● **Problem statement**
Give the data again exactly as written, without any of its pictures.

/---

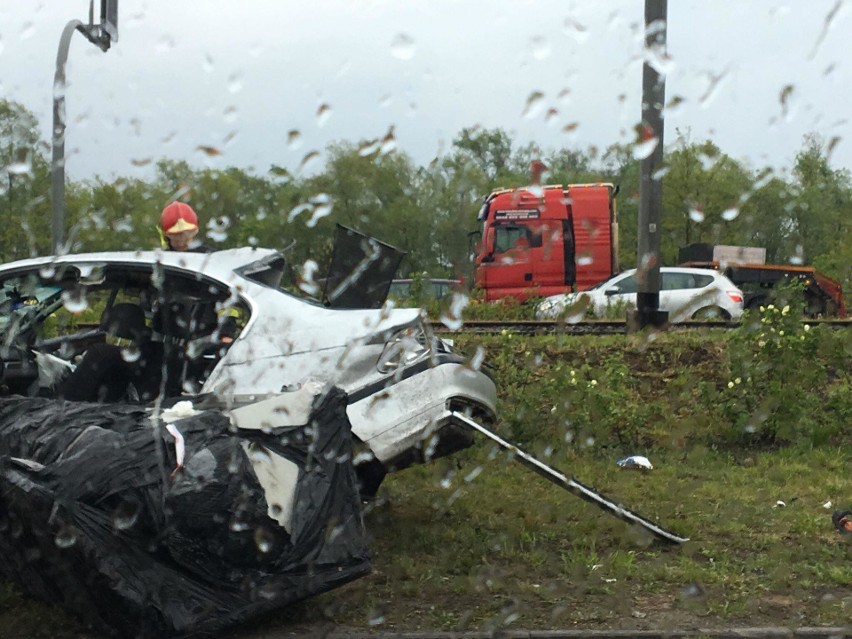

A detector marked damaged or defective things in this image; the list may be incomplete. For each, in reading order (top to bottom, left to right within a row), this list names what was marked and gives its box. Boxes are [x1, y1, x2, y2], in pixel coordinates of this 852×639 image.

wrecked white car [0, 245, 500, 496]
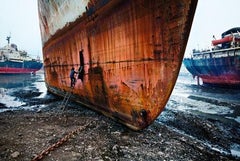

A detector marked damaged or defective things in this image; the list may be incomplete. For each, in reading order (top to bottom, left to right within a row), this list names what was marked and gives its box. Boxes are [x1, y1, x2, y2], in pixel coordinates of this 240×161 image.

rusted ship hull [38, 0, 198, 130]
corroded metal [38, 0, 198, 130]
orange rust [39, 0, 197, 130]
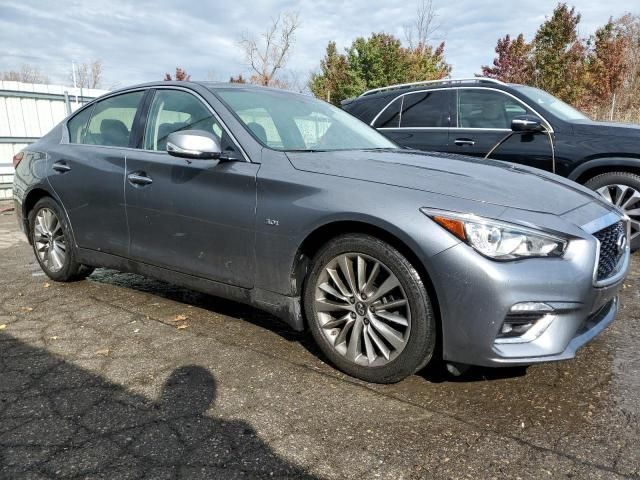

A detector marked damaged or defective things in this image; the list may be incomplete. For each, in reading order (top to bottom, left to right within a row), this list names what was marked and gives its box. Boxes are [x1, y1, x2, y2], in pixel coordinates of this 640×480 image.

cracked pavement [0, 207, 636, 480]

\---

● **Finished task**
A detector marked damaged or defective things in this image; the list may be incomplete. For each, in reading order (top to bottom, left to right within a row), this list names what was marked and gives its box. Boxes are [x1, y1, x2, y2], in pixel coordinates of this 852×639 image.

wrecked white car [0, 245, 500, 496]

A detector marked damaged or defective things in this image; the list may be incomplete. For each, in reading order (top to bottom, left to right within a row), this list names what was marked and gives its box. Boxes are [x1, y1, x2, y2], in pixel coordinates of this 240×161 image.

rusted ship hull [38, 0, 198, 130]
corroded metal [38, 0, 198, 130]
orange rust [39, 0, 197, 130]

A detector marked damaged or defective things in this image; the list may be incomplete. For each, in reading order (top to bottom, left to right within a row), this list names what was marked and gives its box. Boxes are [x1, y1, x2, y2], in pixel coordinates of this 640×480 image.

cracked pavement [0, 207, 636, 480]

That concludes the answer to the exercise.